I see in the Beaver Creek link that you provide, that availability isn't expected until Nov 2015. I was hoping for something in the summer of 2015.

Jim


----------



## Sandy VDH (Oct 19, 2014)

jebloomquist said:


> I see in the Beaver Creek link that you provide, that availability isn't expected until Nov 2015. I was hoping for something in the summer of 2015.
> 
> Jim



No it says NOV, just in time for the 2015 ski season.  So I think that means Nov 2014.


----------



## jebloomquist (Oct 19, 2014)

Sandy VDH said:


> No it says NOV, just in time for the 2015 ski season.  So I think that means Nov 2014.



Sandy,

I think that you are right. 

So, when do you think that we will see availability for Beaver Creek on the Wyndham web site? Maybe I don't have the necessary ownership to see it. Can anyone see availability now for anytime in the future?

Jim


----------



## scootr5 (Oct 19, 2014)

jebloomquist said:


> Sandy,
> 
> I think that you are right.
> 
> ...



There was some on the first day when I checked, but as I understand it was all 2 bedroom units only.


----------



## Bigrob (Oct 19, 2014)

jebloomquist said:


> Sandy,
> 
> I think that you are right.
> 
> ...



When I called I was told there was a problem with loading the Beaver Creek inventory so you can't see it online, however there is availability if you call and speak to a VC.


----------



## sandkastle4966 (Oct 20, 2014)

Supposedly it is now loaded; however, it is ONLY avail to Presidential owners.....


----------



## Sandy VDH (Oct 20, 2014)

Boy those point values are high.  308K for a 2 BR Deluxe in Prime season for Park City and Beaver Creek ONLY has presidential units, and a 2 BR Pres there for Prime is 450K.

I think sandcastle you must be mistaken.  Perhaps you understood that there are ONLY Presidentials to it is limited to only Presidential OWNERS.  I don't think that is what the announcement said.   But I could be wrong.


----------



## vacationhopeful (Oct 20, 2014)

Shockingly HIGH, Sandy. 

I wonder how much per thousand $ are they trying to sell a PRIME WEEK (usage) for and WHAT the MFs will be. I know I will NOT be booking any trips there.


----------



## sandkastle4966 (Oct 20, 2014)

Sandy VDH said:


> Boy those point values are high.  308K for a 2 BR Deluxe in Prime season for Park City and Beaver Creek ONLY has presidential units, and a 2 BR Pres there for Prime is 450K.
> 
> I think sandcastle you must be mistaken.  Perhaps you understood that there are ONLY Presidentials to it is limited to only Presidential OWNERS.  I don't think that is what the announcement said.   But I could be wrong.

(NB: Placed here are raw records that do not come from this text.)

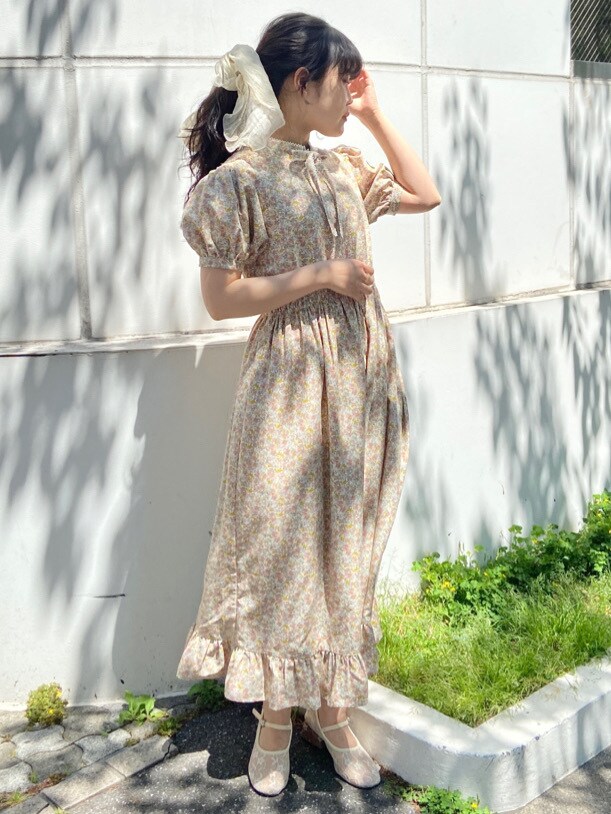 ホワイト系のワンピースを着用したレディースの夏コーディネートの2枚目の写真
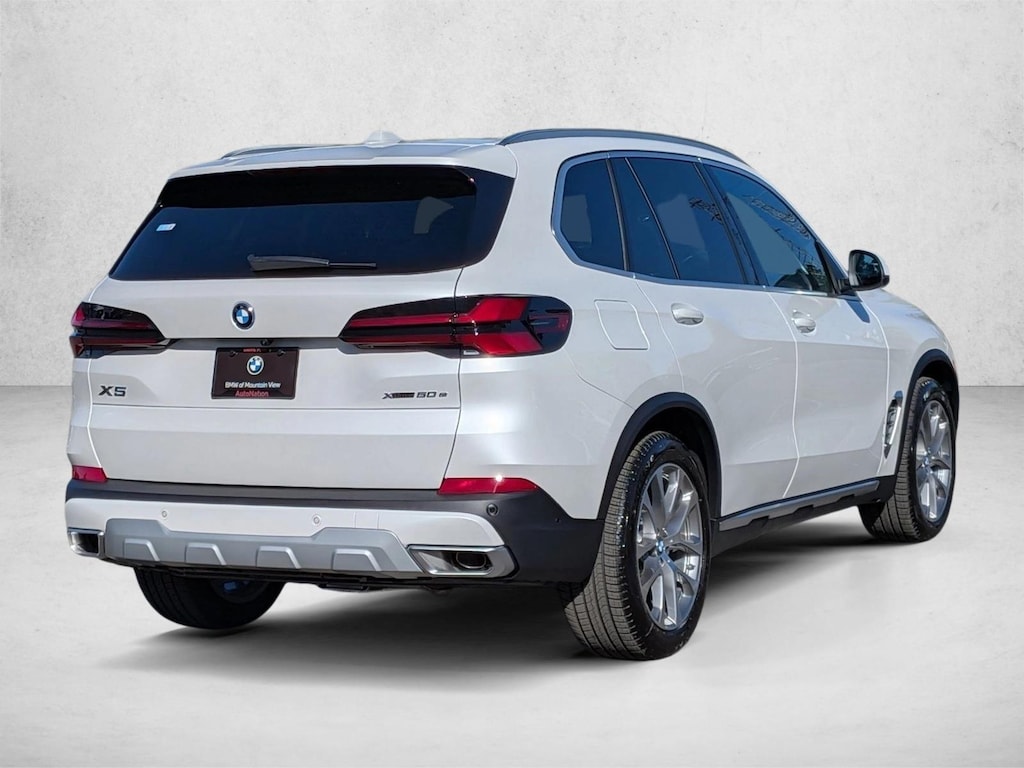 New 2026 BMW X5 PHEV xDrive50e SUV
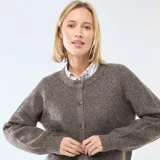 Cárdigan de punto grueso en color marrón, con cuello redondo, cierre frontal de botones y mangas largas con puños ajustados.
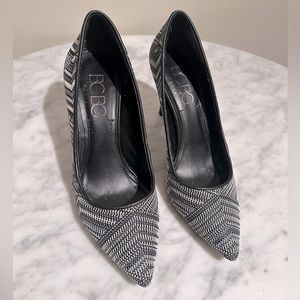 BCBG Gaminkha pointy toe, patterned black and white. Size 8.5/38.5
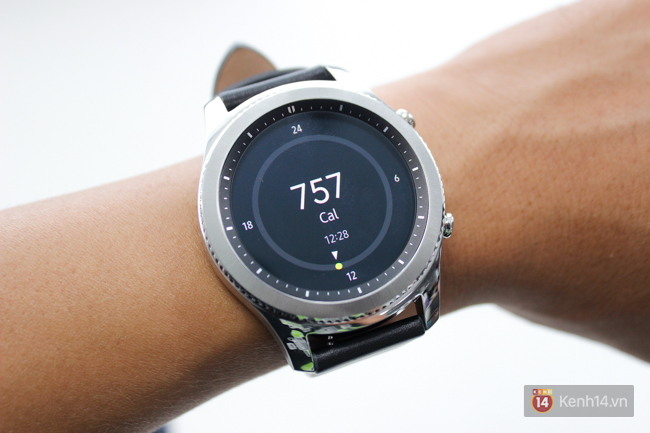 Cận cảnh smartwatch Gear S3 Classic: ngoại h&igrave;nh lịch l&atilde;m, pin tr&acirc;u hơn v&agrave; nhiều t&iacute;nh năng hữu &iacute;ch - Ảnh 11.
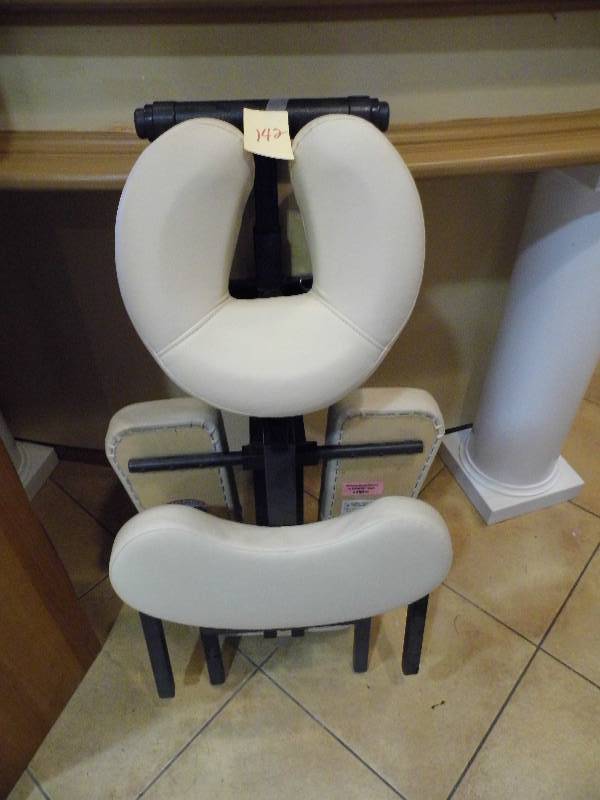 lot 142 image: Massage Chair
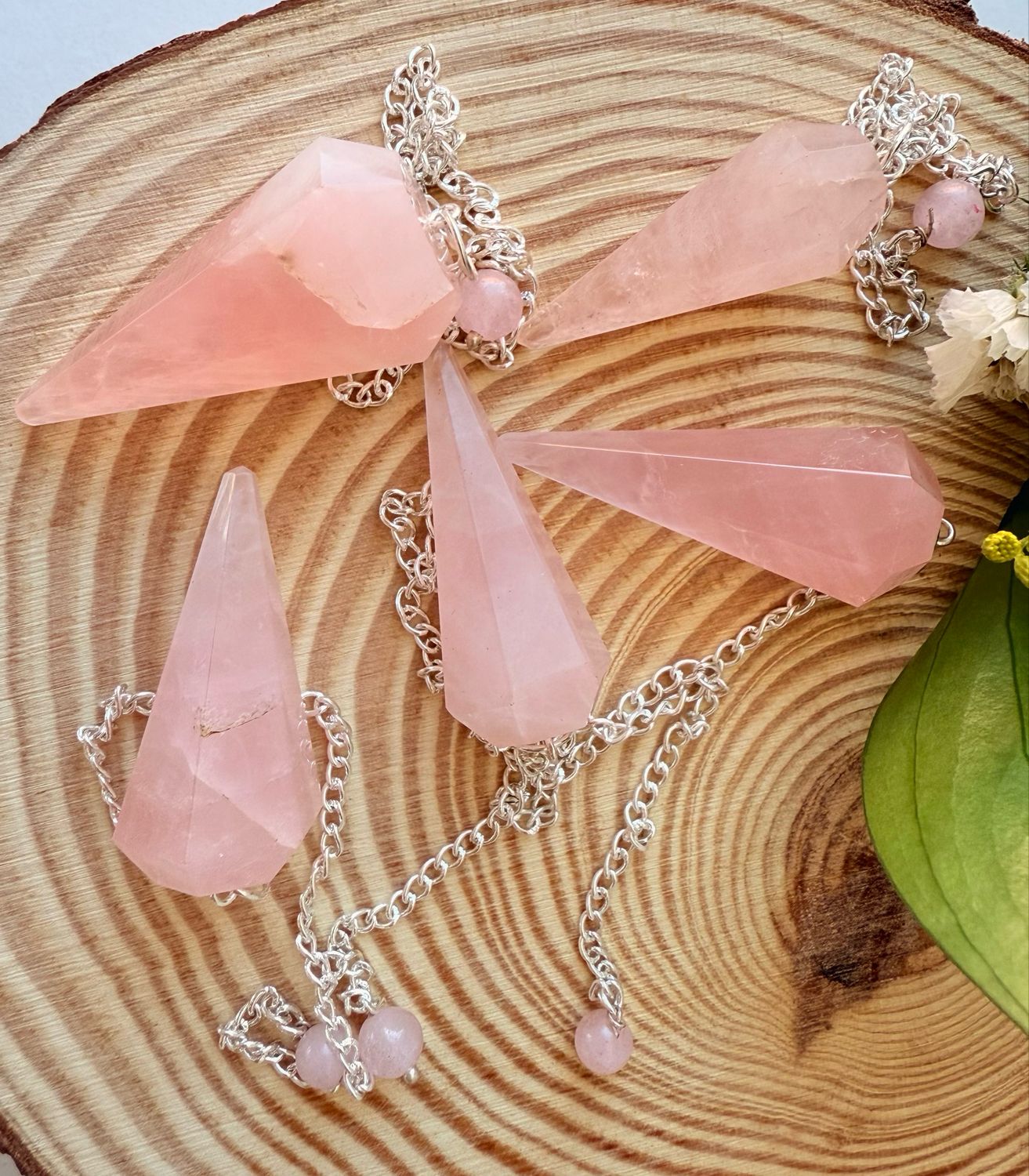 Péndulo de Cuarzo Rosa Natural para Amor Propio, Calma y Sanación Emocional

I spoke to a VC. Beaver Creek is only presidential units (which makes sense given the area/market).  At this point in time, Beaver Creek is ONLY available to Presidential owners.  It will "open up" to the "normal rules" but for the moment, only Presidential accounts can reserve units.  

Price?  will be interesting.   I will out there in January - and will pay a visit.  High? yes - I rent my condo (1 bedroom/ 1 bath) for $3,500/wk - but it is ski in/ski out Vail gondola,  not get on a bus; or walk to the service gondy at BC (and it is not a short walk in boots).  I can't get a read on where they are selling.


----------



## CO skier (Oct 20, 2014)

Here is a photo of the Avon Wyndham under construction taken from in front of the Westin Riverfront resort.  Just to the right of center in the picture is someone sitting on the bench at the shuttle stop.  The Riverfront gondola is just past the Westin building that is off picture to the right.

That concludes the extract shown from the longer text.